In this paper, we considered bilevel problems with a convex-quadratic mixed-integer upper level and a convex-quadratic lower level. Further, all linking variables are assumed to be bounded integers. For such problems, we proposed an equivalent transformation to a single-level convex MINLP and developed a multi- and a single-tree outer-approximation algorithm that we derived from algorithms for general convex MINLPs. We further proposed enhancements of these algorithms that exploit the bilevel-specific structure of the problem. Finally, we proved the correctness of the methods and carried out an extensive numerical study.

The study revealed that the two proposed outer-approximation algorithms outperform known benchmark approaches. For bilevel problems with unique lower-level solutions, the proposed bilevel-tailored solution of the subproblem turned out to be very effective. Even for instances with ambiguous lower-level problems, the novel algorithms perform better than the benchmark approaches. In general, the single-tree outer approximation implementation performs better than the multi-tree counterpart and is, in our opinion, the preferred method.

For both methods several questions remain open. Following the discussion in Sect. 4.6, the impact of the objective function matrices and their spectra as well as the performance on instances with non-binary linking variables needs further assessment. Up to know, this is however not possible due to a lack of bilevel instances with such properties. An interesting direction for future research can be to drop the integrality condition on the linking variables.

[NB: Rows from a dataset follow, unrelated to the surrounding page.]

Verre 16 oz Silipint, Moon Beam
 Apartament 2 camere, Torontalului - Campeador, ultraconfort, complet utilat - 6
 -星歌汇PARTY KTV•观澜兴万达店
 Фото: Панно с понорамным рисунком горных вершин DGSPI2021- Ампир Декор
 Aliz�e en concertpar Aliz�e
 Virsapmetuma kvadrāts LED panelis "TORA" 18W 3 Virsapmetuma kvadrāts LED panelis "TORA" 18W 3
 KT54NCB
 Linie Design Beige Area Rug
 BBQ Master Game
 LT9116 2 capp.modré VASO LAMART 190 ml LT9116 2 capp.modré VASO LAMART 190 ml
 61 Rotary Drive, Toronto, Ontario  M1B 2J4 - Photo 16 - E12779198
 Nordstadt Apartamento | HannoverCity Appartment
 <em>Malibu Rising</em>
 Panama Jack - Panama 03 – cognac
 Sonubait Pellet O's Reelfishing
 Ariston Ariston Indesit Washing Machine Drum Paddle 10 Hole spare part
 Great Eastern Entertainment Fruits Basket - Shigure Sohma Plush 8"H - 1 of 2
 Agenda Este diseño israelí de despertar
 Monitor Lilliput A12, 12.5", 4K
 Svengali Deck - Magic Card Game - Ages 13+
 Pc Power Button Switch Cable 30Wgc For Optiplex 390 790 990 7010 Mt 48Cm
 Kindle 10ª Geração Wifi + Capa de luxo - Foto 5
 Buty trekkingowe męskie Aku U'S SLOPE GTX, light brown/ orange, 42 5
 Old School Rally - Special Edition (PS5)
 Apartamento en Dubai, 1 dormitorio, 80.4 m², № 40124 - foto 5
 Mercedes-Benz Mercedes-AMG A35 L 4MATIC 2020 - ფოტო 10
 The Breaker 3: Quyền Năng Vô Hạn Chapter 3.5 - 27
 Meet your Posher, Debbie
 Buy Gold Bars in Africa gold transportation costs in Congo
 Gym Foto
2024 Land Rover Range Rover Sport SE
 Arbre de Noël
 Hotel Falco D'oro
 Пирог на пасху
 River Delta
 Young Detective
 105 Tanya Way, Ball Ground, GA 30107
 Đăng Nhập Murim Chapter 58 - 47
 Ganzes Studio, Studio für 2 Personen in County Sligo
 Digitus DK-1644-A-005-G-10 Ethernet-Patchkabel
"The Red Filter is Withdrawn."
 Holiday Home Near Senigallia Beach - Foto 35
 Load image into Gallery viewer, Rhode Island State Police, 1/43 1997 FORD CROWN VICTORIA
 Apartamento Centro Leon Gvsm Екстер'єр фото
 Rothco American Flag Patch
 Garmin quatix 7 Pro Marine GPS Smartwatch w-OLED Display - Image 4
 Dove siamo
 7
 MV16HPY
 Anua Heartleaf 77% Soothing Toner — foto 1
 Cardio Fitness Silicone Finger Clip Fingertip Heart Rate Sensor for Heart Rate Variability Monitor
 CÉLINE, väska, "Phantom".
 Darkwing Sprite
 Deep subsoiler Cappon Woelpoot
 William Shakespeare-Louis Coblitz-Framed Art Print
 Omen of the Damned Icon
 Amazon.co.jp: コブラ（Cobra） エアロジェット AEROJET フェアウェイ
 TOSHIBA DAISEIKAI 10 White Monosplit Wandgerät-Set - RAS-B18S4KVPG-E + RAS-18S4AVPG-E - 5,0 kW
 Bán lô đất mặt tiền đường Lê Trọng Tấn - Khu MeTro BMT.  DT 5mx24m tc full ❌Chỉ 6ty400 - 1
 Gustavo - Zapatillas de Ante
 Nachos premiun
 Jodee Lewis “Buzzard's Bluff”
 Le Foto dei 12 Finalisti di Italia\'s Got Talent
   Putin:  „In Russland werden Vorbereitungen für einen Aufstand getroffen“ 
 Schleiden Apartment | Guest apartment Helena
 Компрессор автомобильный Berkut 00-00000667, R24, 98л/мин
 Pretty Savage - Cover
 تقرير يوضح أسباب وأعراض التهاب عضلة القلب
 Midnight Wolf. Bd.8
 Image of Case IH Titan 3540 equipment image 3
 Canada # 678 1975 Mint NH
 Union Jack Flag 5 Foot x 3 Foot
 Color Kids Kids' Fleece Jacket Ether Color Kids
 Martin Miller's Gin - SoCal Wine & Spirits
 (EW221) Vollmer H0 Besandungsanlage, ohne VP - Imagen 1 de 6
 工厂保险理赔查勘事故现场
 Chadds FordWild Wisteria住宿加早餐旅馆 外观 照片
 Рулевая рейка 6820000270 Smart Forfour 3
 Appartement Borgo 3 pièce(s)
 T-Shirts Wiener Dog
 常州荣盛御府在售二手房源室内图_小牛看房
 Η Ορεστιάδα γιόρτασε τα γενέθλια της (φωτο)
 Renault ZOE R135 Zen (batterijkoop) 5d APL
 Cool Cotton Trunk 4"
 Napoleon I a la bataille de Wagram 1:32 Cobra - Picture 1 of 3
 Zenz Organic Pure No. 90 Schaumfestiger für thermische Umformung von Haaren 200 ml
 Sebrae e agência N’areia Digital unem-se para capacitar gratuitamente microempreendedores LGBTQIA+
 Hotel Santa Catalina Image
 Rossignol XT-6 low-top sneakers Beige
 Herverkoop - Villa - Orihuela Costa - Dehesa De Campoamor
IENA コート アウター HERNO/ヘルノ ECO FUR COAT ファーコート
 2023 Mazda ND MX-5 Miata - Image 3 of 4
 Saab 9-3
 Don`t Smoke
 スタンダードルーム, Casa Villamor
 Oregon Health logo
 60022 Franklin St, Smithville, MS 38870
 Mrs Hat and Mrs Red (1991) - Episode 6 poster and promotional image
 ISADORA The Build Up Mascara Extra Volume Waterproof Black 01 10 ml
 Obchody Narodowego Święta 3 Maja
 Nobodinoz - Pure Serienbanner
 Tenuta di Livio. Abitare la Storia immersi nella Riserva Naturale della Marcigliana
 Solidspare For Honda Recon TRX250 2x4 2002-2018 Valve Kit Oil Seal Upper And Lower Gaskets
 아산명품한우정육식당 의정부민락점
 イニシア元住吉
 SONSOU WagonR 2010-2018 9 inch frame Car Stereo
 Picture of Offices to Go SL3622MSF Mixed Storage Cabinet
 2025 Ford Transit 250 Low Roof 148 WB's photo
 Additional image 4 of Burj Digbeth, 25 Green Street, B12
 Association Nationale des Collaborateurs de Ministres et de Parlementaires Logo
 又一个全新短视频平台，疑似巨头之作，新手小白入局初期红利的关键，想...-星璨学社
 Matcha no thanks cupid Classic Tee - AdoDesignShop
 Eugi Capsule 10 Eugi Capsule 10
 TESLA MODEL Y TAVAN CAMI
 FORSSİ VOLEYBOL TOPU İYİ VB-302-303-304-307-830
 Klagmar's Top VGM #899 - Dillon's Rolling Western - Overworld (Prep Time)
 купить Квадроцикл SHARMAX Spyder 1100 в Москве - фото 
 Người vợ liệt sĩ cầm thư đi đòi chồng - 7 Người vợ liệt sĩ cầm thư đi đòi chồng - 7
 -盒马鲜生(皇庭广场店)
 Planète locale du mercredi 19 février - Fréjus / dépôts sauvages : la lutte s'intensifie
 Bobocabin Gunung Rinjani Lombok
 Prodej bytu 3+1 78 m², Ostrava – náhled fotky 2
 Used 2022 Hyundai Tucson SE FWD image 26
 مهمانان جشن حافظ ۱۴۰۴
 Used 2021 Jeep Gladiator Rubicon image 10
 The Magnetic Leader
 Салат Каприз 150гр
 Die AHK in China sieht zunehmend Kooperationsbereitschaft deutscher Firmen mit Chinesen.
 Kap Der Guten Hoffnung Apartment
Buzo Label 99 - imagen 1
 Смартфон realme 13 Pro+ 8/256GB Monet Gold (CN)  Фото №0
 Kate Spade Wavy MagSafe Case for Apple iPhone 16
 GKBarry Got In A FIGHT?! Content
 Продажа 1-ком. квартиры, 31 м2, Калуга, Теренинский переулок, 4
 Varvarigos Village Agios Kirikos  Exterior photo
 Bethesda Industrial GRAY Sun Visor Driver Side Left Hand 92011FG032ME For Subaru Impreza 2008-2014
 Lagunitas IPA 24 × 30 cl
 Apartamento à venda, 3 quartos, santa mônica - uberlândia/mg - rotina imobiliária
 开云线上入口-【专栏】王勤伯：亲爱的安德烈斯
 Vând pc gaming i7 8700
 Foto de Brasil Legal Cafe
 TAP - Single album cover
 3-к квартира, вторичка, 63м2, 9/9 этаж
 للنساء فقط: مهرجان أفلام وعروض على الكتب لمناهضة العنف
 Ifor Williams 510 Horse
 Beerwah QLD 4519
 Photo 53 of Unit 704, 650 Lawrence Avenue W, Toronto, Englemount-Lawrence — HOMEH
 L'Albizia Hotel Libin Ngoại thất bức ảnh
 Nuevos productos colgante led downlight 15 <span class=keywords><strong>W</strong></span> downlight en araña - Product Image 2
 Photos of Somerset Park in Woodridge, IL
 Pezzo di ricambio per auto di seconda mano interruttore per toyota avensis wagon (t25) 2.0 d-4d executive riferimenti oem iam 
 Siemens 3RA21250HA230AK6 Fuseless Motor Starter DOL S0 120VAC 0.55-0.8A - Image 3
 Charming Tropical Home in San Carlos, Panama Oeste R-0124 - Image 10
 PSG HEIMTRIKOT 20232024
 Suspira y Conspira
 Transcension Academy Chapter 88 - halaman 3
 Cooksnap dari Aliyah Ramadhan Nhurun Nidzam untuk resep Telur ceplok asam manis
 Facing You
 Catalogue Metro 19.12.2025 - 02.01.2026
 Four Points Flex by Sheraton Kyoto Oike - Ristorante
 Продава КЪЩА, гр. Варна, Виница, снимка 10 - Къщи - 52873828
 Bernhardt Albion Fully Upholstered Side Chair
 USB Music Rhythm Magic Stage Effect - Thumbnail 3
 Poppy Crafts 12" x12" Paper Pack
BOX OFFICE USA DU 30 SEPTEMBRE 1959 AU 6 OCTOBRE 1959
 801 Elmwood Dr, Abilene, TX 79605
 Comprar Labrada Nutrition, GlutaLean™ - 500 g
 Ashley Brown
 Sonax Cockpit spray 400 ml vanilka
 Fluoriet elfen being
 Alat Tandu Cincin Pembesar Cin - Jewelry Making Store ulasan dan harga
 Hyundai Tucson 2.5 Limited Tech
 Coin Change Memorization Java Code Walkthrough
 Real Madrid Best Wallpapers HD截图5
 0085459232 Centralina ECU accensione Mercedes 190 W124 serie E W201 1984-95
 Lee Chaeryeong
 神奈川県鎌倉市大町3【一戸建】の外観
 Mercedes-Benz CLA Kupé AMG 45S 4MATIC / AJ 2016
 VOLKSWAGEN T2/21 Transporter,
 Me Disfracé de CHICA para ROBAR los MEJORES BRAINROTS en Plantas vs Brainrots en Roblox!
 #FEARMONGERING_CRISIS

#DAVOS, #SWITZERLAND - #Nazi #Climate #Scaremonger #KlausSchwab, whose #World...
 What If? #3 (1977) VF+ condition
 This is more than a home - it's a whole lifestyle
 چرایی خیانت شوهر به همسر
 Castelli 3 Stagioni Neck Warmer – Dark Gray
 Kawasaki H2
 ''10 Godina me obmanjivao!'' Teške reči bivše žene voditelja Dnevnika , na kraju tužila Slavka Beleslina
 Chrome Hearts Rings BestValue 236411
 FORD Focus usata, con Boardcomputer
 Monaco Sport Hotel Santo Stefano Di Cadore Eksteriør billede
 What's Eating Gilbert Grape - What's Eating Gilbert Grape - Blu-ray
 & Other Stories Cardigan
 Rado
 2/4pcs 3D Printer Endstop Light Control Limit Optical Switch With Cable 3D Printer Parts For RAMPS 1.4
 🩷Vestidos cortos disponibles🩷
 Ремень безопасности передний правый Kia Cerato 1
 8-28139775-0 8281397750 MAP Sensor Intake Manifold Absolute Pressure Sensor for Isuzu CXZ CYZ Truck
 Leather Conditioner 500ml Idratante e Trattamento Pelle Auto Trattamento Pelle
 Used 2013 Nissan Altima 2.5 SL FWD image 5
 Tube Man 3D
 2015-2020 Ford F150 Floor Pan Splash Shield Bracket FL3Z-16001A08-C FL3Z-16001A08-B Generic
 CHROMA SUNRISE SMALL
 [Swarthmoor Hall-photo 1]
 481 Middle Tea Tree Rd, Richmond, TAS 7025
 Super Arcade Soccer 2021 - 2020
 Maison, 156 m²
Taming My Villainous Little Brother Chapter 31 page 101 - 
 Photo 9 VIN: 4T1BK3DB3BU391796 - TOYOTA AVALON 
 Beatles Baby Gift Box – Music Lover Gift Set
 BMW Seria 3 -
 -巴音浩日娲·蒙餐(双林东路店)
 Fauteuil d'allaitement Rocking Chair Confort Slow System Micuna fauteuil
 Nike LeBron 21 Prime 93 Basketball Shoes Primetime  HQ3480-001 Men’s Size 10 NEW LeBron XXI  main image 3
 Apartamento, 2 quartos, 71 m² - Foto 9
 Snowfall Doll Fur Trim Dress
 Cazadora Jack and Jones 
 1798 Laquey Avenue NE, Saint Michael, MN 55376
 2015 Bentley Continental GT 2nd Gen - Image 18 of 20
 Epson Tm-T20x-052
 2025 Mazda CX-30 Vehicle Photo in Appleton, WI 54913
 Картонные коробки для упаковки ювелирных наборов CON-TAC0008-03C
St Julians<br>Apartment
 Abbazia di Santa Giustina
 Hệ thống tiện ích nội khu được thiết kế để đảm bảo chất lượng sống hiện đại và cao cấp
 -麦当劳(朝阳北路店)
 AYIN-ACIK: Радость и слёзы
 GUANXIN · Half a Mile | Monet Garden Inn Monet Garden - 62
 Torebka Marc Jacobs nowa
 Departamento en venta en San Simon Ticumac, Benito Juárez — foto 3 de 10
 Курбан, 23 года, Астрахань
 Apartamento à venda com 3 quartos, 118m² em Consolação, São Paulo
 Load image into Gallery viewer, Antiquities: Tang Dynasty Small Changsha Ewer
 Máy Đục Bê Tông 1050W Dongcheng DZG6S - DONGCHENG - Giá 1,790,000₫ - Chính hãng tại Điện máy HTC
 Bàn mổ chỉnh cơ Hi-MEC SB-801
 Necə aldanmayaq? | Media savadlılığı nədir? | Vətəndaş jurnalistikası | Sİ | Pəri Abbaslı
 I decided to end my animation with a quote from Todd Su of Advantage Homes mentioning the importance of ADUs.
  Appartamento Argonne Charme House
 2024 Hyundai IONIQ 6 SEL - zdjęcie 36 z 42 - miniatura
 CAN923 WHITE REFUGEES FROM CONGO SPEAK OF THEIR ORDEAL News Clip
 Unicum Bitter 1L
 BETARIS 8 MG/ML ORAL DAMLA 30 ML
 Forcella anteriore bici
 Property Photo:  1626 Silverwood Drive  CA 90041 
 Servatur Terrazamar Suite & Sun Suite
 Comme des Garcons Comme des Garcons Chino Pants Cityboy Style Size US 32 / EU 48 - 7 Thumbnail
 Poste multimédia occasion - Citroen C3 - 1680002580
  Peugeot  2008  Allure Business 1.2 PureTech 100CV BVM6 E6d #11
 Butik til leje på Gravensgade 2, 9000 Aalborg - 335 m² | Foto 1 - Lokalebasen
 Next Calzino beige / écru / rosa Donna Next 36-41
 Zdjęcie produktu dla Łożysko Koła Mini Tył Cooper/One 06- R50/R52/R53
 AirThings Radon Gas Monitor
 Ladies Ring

This would require, e.g., spatial branching on linking variables but may also introduce some pitfalls like unattainable bilevel solutions; see [43]. Another question is whether one can introduce integer variables to the lower level, i.e., considering MIQP-MIQP bilevel problems. Certainly, the strong-duality-based reformulation for convex lower-level problems would not be applicable anymore, but one could use a more general single-level reformulation like the value-function reformulation, as it is done, e.g., for MILP-MILP bilevel problems in [21].